As we near the end of our building project I am reflecting on the tenacity and hard work of so many people to get to this exciting stage. This project has been a part of my life since I moved to Hoxton over 20 years ago. For my children, now 24 and 20, this is all they have ever know their mother do! At times it has felt like an impossible task, but for nearly all those 20 years, it has felt like a path I just had to travel. No matter what obstacles and hurdles were put in our way, it has always felt inevitable that we will succeed in the end, because we just had to, for the families of Hoxton. They deserve a lovely place to bring their children where they can find love, support, friendship, advice and care. Ivy Street is unique in its loving care of the whole family. We care about the whole family and continue to care about families long after their children have gone to school. It’s a very special place.

So it was just not acceptable to fail in rebuilding the wholly inadequate old pub that we had occupied for nearly 40 years.

11 things to know about the Ivy Street building:

  1. It was built in 1902
  2. It was originally a pub called the Queen Adelaide
  3. It still has the original pub sign bracket on the front wall
  4. It was sold to a local youth charity in 1965 for £1
  5. It was given to Allie Harper in 1981 to start the Ivy Street Family Centre
  6. The stairs to the basement were built by a local vicar
  7. It used to host the ONLY café in Hoxton on Saturdays
  8. It was the only pre-school play group in the area for years
  9. It only had heating on one side of the main room.
  10. It had squatters, briefly, after we moved out. They ate the beans and drank the wine that we had stored in the basement.
  11. The new design preserves the history but gives the building new life for the next 100 years

There have been so many people involved in pushing this project forward over the last 20 years, sadly some no longer with us, and we are grateful to each and every person who joined with us to push this massive boulder up and down the mountains. We have weathered all kinds of storms, including the Financial Crash in 2008, perfectly timed to coincide with our first major fundraising effort!

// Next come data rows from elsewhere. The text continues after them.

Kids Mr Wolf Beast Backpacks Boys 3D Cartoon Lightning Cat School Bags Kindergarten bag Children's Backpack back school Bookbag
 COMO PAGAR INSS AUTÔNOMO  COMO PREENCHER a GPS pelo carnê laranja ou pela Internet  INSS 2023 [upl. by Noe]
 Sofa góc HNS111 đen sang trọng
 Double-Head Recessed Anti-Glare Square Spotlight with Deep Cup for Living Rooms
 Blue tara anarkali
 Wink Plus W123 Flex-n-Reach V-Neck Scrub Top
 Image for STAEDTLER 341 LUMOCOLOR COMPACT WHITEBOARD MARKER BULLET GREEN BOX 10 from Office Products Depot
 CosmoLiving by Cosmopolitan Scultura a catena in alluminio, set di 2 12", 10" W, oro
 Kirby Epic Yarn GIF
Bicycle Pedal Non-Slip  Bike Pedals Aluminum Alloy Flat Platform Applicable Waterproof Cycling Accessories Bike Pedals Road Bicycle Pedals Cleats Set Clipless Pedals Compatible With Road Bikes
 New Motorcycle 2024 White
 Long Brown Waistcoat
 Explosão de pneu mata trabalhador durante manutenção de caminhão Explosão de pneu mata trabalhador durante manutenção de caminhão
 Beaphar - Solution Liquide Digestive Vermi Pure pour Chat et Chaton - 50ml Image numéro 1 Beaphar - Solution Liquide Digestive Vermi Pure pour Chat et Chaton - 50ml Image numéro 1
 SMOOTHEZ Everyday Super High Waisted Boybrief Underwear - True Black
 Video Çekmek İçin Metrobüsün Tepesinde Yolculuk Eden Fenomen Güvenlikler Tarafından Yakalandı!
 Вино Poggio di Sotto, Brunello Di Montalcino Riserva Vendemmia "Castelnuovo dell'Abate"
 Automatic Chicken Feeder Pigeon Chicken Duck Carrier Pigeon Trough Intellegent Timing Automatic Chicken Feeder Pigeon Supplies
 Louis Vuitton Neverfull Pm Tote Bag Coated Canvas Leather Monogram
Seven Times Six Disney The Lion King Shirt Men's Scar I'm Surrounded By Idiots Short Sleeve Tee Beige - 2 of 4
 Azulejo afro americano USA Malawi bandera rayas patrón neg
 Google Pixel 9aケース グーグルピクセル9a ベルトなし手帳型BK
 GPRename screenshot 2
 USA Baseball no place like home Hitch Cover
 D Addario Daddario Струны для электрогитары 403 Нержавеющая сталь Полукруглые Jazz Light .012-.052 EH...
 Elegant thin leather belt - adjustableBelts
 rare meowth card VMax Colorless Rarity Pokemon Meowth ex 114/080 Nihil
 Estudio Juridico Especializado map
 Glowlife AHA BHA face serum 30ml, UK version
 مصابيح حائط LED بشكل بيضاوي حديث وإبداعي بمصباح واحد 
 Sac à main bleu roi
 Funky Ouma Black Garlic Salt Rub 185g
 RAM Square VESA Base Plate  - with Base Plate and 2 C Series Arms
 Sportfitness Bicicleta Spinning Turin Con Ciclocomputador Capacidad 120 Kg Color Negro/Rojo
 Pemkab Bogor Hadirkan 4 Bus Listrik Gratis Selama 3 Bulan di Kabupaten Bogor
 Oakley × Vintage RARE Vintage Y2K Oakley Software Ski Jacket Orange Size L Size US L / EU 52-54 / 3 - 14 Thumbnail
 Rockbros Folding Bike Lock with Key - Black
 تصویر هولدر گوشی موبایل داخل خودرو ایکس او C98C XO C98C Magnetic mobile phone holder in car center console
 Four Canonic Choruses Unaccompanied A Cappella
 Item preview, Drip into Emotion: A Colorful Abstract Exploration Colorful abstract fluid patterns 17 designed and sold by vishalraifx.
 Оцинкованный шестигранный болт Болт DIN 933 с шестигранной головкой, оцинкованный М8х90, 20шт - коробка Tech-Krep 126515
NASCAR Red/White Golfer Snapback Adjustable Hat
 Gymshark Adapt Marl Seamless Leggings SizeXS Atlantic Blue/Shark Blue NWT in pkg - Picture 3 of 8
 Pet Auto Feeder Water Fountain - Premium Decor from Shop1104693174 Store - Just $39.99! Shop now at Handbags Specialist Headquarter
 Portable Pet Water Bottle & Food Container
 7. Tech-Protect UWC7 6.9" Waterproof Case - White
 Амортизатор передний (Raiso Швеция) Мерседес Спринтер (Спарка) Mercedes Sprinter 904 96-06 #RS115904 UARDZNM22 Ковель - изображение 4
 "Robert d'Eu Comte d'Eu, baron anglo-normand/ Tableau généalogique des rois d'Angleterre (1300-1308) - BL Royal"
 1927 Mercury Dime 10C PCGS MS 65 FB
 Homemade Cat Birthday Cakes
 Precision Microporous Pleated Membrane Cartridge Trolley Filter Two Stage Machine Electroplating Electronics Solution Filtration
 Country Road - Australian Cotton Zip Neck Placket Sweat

There have also been some wonderful highlights, we were able to launch our fundraising campaign in a room at the House of Lords and were overwhelmed with the support we were shown for the project. We had a fundraising caterpillar up on the wall at Ivy Street and the families raised money with cake sales and jumble sales, a sponsored toddle around Shoreditch Park with me leading the way dressed as a Teletubby is a particularly fond memory!

Sometimes I thought my head was going to explode with the frustration of it, but we just kept putting one foot in front of the other and tried never to lose faith in making it to the end.

The faith of all the people involved has been inspirational, we could not be where we are now without the faithful prayers and hard work of all that have gone before us. I think of Philip who battled with Hackney for years to purchase the pavement around the building, enabling us to build a much bigger facility. I think of Nettie who worked on a Business Plan for months so that we could raise the necessary funds. I think of Andrew who diligently filled in funding application after funding application. I think of Robert who spent hours negotiating the final development agreement so that we have the building we need. There are so many more who faithfully gave hours and hours of their time to make this happen. It is a humbling thought.

I hope that many of those people will join with us when we eventually have our Grand Opening and can rejoice with us in the completion of our Ivy Street dreams.